# Quantiles of the standard Normal¶

Quantiles are a great way to summarize a random variable with a few numbers. Let’s start with the standard Normal. Take:

$Z\sim N(0,1).$

The definition of is this:

The $$q$$ quantile of $$Z$$ is the value $$z_q$$ such that the probability of $$Z$$ being less that $$z_q$$ is $$q$$.
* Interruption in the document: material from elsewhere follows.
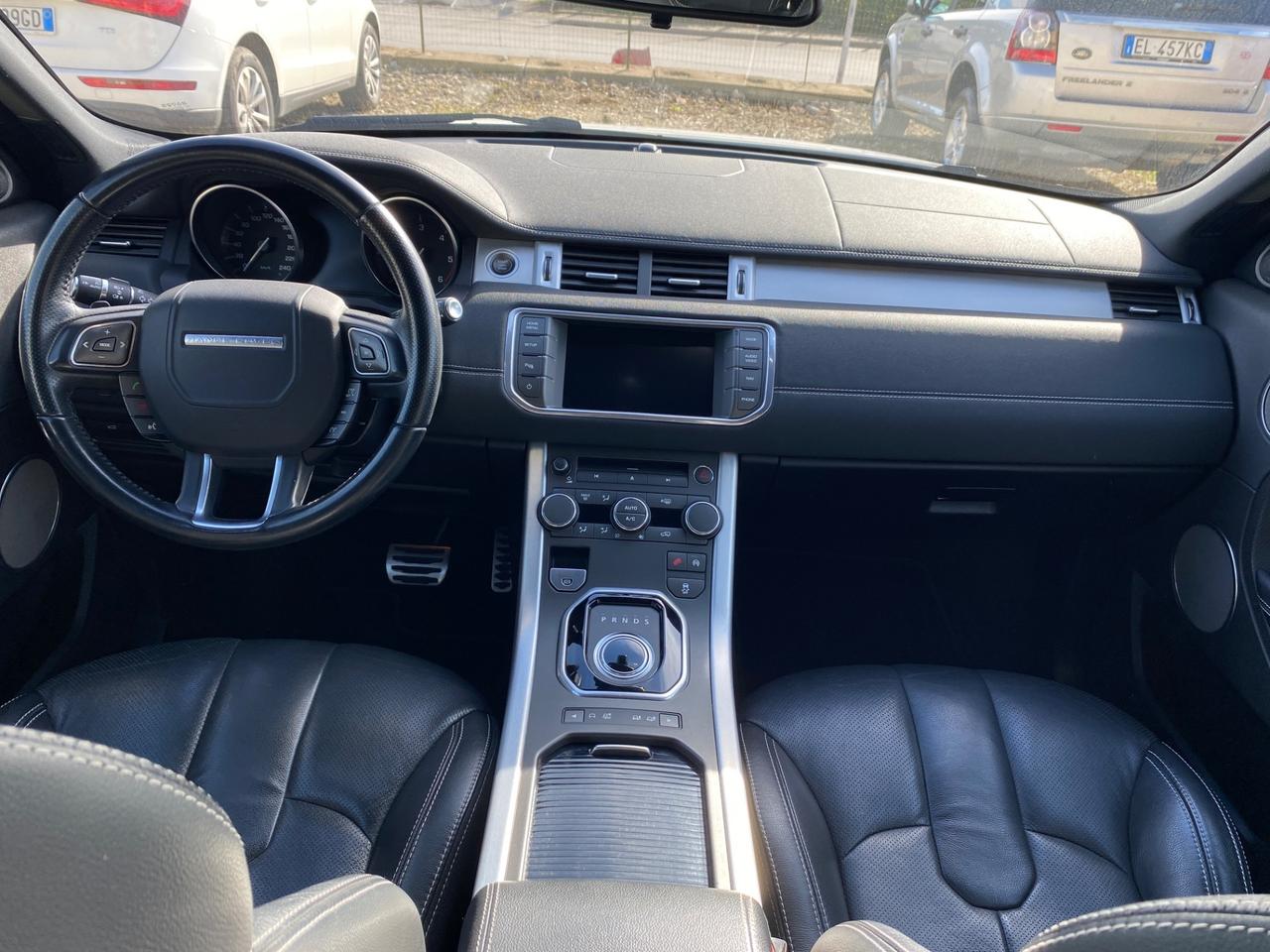 Land Rover Freelander 2.2 TD4 S.W. S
Mathematically, you want to find a value $$z_q$$

$\Phi(z_q) = q.$

## The median of the standard Normal¶

For example, the $$0.5$$ quantile $$z_{0.5}$$ satisfies the property:

$\Phi(z_{0.5}) = 0.5.$

This is known as the median of $$Z$$. In words, 50% of the probability of $$Z$$ to the left of the median. For the standard normal, we have because of the symmetry of the PDF about zero that:

$z_{0.5} = 0.$

Of course, scipy.stats knows about the median:

import matplotlib.pyplot as plt
%matplotlib inline
import seaborn as sns
sns.set(rc={"figure.dpi":100, 'savefig.dpi':300})
sns.set_context('notebook')
sns.set_style("ticks")
from IPython.display import set_matplotlib_formats
set_matplotlib_formats('retina', 'svg')
import numpy as np
import scipy.stats as st

Z = st.norm()
Z.median()

0.0


## Other quantiles of the standard Normal¶

Another interesting quantile is $$z_{0.025}$$. So, $$z_{0.025}$$ marks the point below which $$Z$$ lies with probability $$2.5$$%. This is not trivial to find though. You really need to solve the nonlinear equation:

$\Phi(z_{0.025}) = 0.025.$

But scipy.stats can do this for you using the function Z.ppf():

z_025 = Z.ppf(0.025)
print('z_025 = {0:1.2f}'.format(z_025))

z_025 = -1.96


Let’s verify that this is indeed giving me the $$0.025$$ quantile. If I plug it in the CDF I should get $$0.025$$:

print('Phi(z_025) = {0:1.3f}'.format(Z.cdf(z_025)))

Phi(z_025) = 0.025


Okay, it looks good!

Let’s also find $$z_{0.975}$$:

z_975 = Z.ppf(0.975)
print('z_975 = {0:1.2f}'.format(z_975))

z_975 = 1.96


Nice! This is just $$-z_{0.025}$$. We could have guessed it!

## Credible intervals¶

Alright, these two quantiles are particularly important. Why, because the probability that $$Z$$ is between them is 95%! We we could write:

$$Z$$ is between -1.96 and +1.96 with probability 95%.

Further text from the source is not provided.